_Work to be completed_:
Look through the entries below and return all lines including the word "pour".

*-*-*

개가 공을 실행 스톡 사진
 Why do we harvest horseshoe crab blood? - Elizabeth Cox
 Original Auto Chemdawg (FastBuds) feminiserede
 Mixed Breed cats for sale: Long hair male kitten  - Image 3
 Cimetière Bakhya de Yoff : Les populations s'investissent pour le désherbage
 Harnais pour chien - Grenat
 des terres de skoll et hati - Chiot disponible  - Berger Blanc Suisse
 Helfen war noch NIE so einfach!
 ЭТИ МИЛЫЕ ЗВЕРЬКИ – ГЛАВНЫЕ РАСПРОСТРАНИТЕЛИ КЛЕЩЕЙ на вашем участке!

*-*-*

_Reply to the task_:
 Cimetière Bakhya de Yoff : Les populations s'investissent pour le désherbage
 Harnais pour chien - Grenat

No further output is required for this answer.